══ The data ══

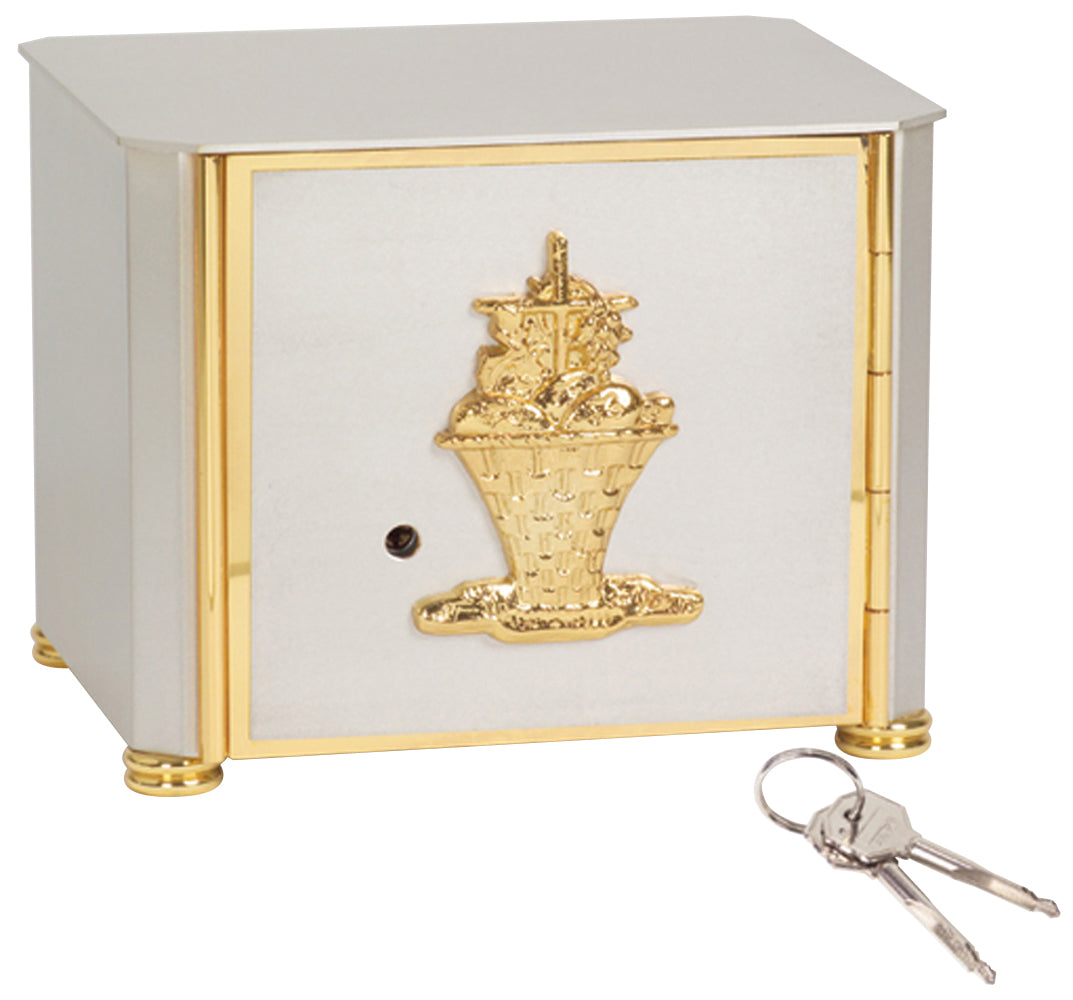 Tabernacle - Motif Panier - Plaqué Argent Satiné - Détail Or 24 Carats - 16,5 cm H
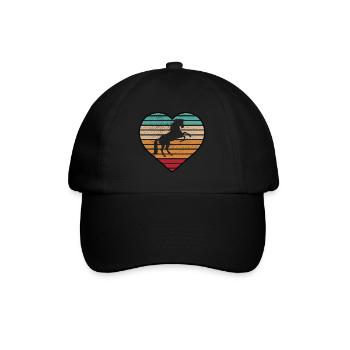 Pferde Reiter Retro Vintage Design - Baseballkappe - Schwarz/Schwarz - Vorne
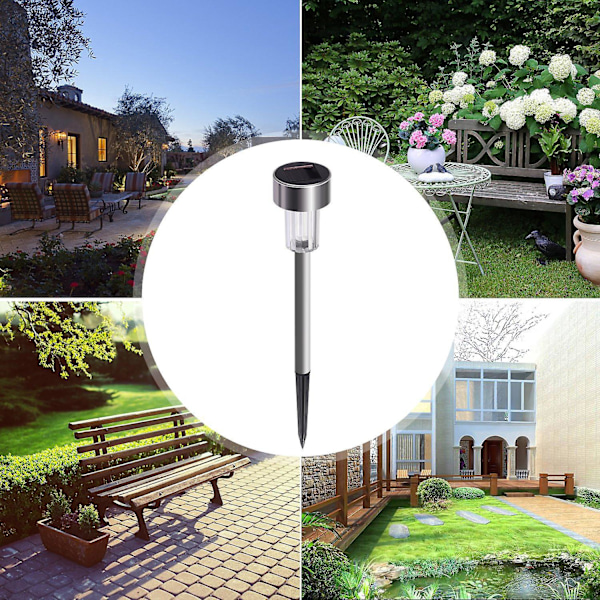Sett med 10 solcellelamper utendørs hage LED rustfritt stål vanntett utendørsbelysning, hvit, 36,5 * 5,5 cm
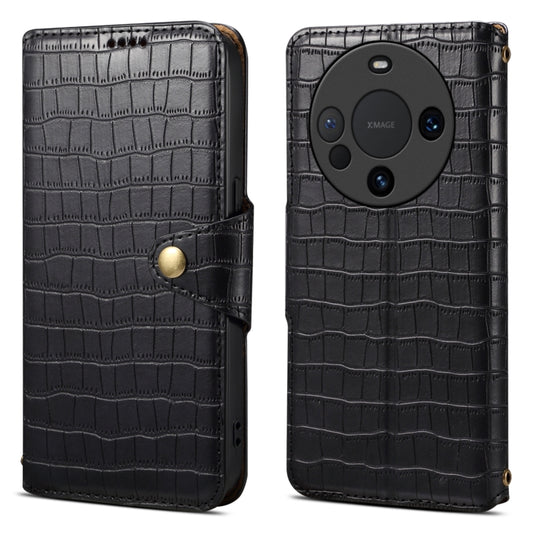 For Huawei Mate 60 Denior Crocodile Texture Oil Edge Leather Phone Case(Black) by Denior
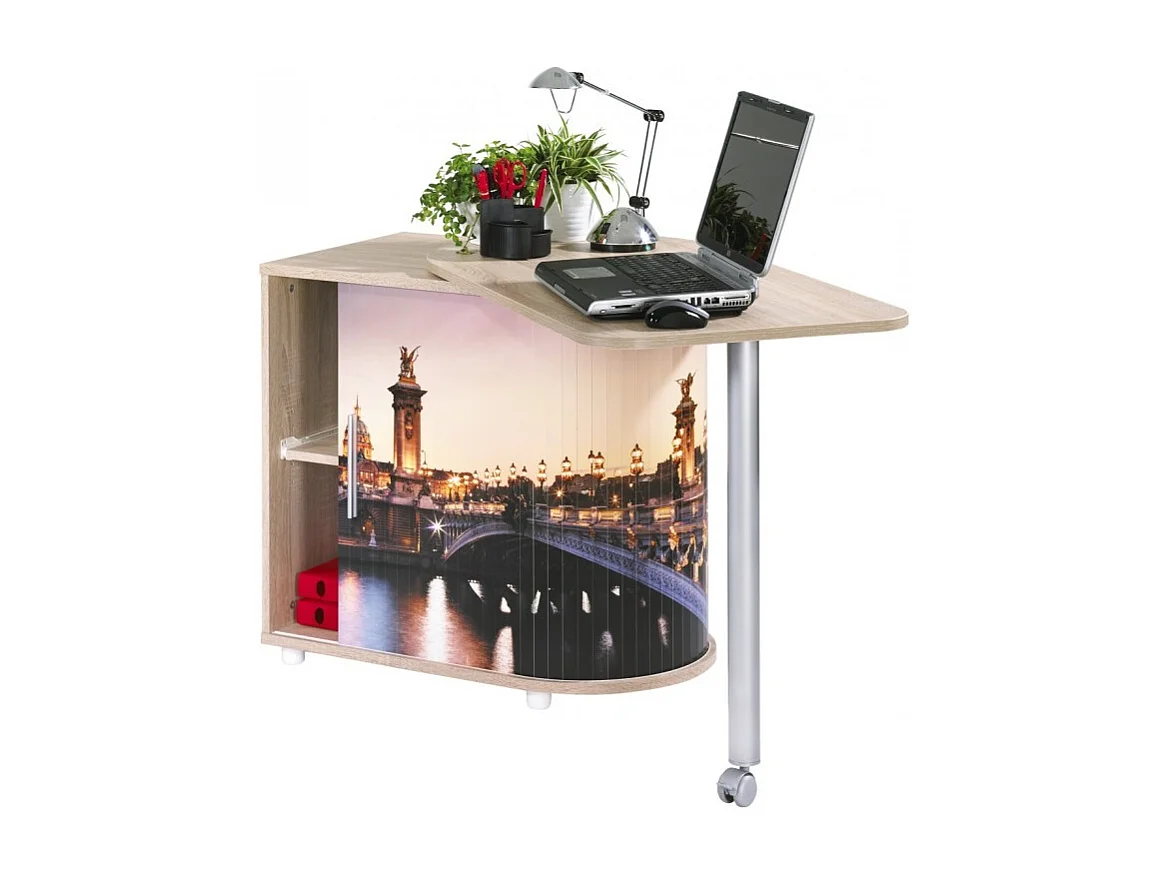 Coole draaitafel van natuurlijk eikenhout met Paris bridge-print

═══

» What is being asked
Would you retype the entries above in full, exactly as written, minus the pictures?

» Output of the task
 Tabernacle - Motif Panier - Plaqué Argent Satiné - Détail Or 24 Carats - 16,5 cm H
 Pferde Reiter Retro Vintage Design - Baseballkappe - Schwarz/Schwarz - Vorne
Sett med 10 solcellelamper utendørs hage LED rustfritt stål vanntett utendørsbelysning, hvit, 36,5 * 5,5 cm
 For Huawei Mate 60 Denior Crocodile Texture Oil Edge Leather Phone Case(Black) by Denior
 Coole draaitafel van natuurlijk eikenhout met Paris bridge-print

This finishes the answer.